Kuurdak – a traditional Kyrgyz dish

June 21st, 2013 Sections: Cuisine, Food and Drink, Life In Kyrgyzstan

Just one of the many roadside cafes to be found in Boom Gorge

Not long ago I took some of the kids with me on my monthly trip up to Naryn to visit the guesthouse.  Because it had been an early mornig start and no-one had really had breakfast, we stopped off at a roadside cafe, (or Diner, for the Americans), in Boom Gorge for a cup of tea and a light snack – Brunch.

As we looked at the menu, there were all the usual Central Asian dishes, or rather dishes that you can find throughout Central Asia: Manti; Samsi; Plov; Laghman; Beshbarmack and Pilmeni – a sort of Russian Ravioli – both boiled and fried … as well Sausages; Eggs and so on.  To go with my Tea I normally take a portion of the fried Fried Pilmeni as it is makes for a filling but light meal … but this time I decided on a couple of sausages.

The kids looked at the menu and I knew we were going to be in trouble … especially when Sveta asked “What’s Kuurdak?”

“It’s like a stew,” I said – although I used the word Goulash because I am not sure that there is Russian equivalent for “stew”, “but you won’t like it.  It’s almost certainly made from Lamb”.

Now the kids are quite fussy eaters, and they all like different things – some won’t touch Chicken, others won’t eat fish. but there is one thing they all seem to agree on: none of them really eats Lamb.  Now, personally, I rarely eat Mutton or Lamb here either, but that’s not because I don’t like it, it’s because it tends to be quite fatty … there is even a Kyrgyz proverb that says “Cheap mutton has no fat”.  Anyway, as a result, we tend to have Beef or Pork or something Vegetarian … if, that is, we can find it.

Katya surprised me by saying that she would have the Kuurdak – “Even if it is made from Mutton?”, I asked … and she said “Yes, but just a half portion.”  Everyone else played safe.

 

For the record: The name probably comes from the Turkic languages, (such as Kyrgyz and Kazakh), and is close to the word for the verb “to fry”, although there is also a theory which says it is close to the Russian word for “mess” which is often used to describe a hodgepodge dish like a stew where the ingredients are all stirred in together.

To be fair, although Kuurdak is usually made from Lamb or Mutton, it can be made using Beef or, more or less, from any other kind of meat.  I have, for example, seen, (but never tried), Kuurdak made from Camel meat.  Quite often offal is also used – liver, kidney, chopped lungs, heart … and so on, (it’s all a question of taste and a predilection not to let any part of the animal go to waste).  Whereas I have seen recipies for anything from one to five kilograms of meat, at least one called for all the meat “from one animal”!

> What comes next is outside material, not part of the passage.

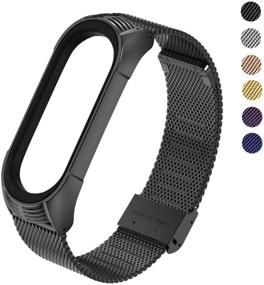 img 4 attached to 🔗 Premium Stainless Steel MIJOBS Band for Xiaomi Mi Band 6/5/4/3 - Replacement Bracelet Wristband for Global Version - Elegant Metal Watch Band for Women and Men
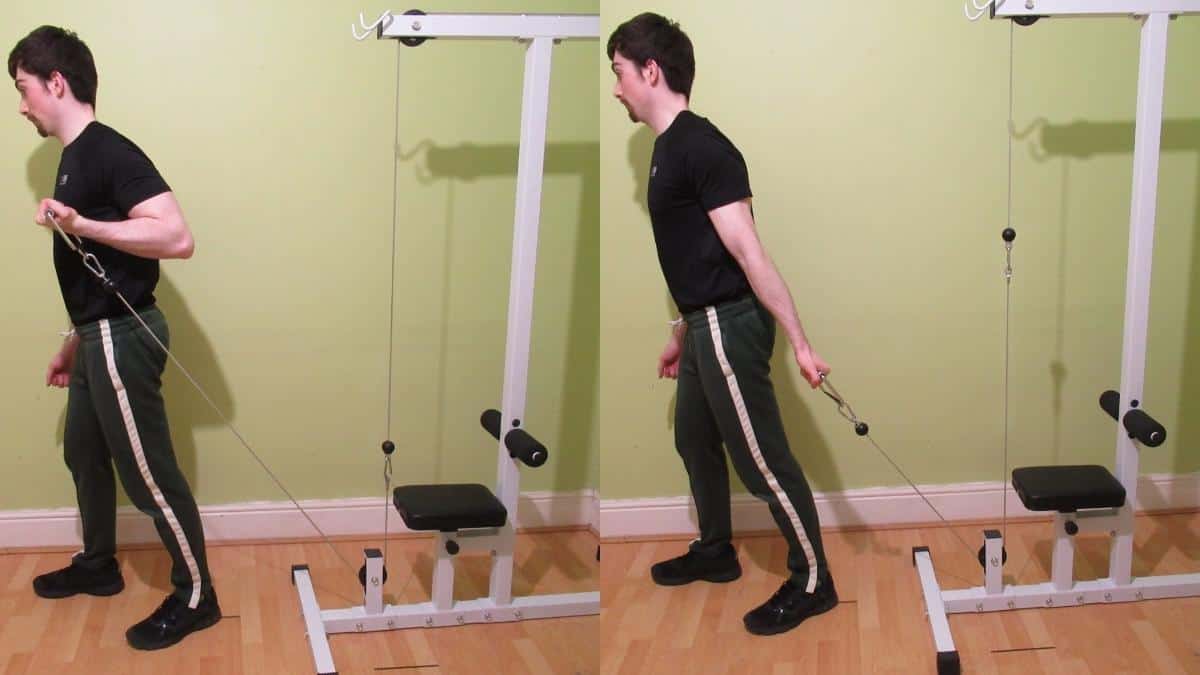 A man doing a cable bayesian curl to work his biceps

Kuurdak is one of the oldest dishes in Kyrgyz cuisine and it was particularly useful for the nomadic Kyrgyz because once the meat was cooked it could be stored and transported, then warmed up and used as the basis for other meals as and when required – easing and speeding up the process of preparing meals when on the move.

It’s actually quite a simple dish and is sometimes described in the recipe books as Fried Meat and Potatoes.  The potatoes seem to be added in order to give the dish more volume rather than add nutrients – and sometimes other vegetables such as carrots, sweet peppers, cabbage or pumpkin can be added.

The meat is basically fried in the fat for about 10-15 minutes, until browned, when the other ingredients are added and the complete mix is then allowed to simmer for about 30-40 minutes – until the water has been absorbed and all the ingredients are soft.

 

Kuurdak

When the Kuurdak eventually arrived Katya had two surprises in store.  Well, the first one wasn’t really a surprise because I had warned her … it was made with Mutton.  As it happens, that didn’t phase her in the slightest, probably because of the second surprise … the so called “half portion” was huge !  Taking up more room on her plate than any one else’s – even the plov which is also, usually, a huge plateful.  “Thank goodness,” she said, “that I didn’t order a full portion!”

As it is, she only ate half of it before she gently pushed the plate away with the comment “I’m stuffed!”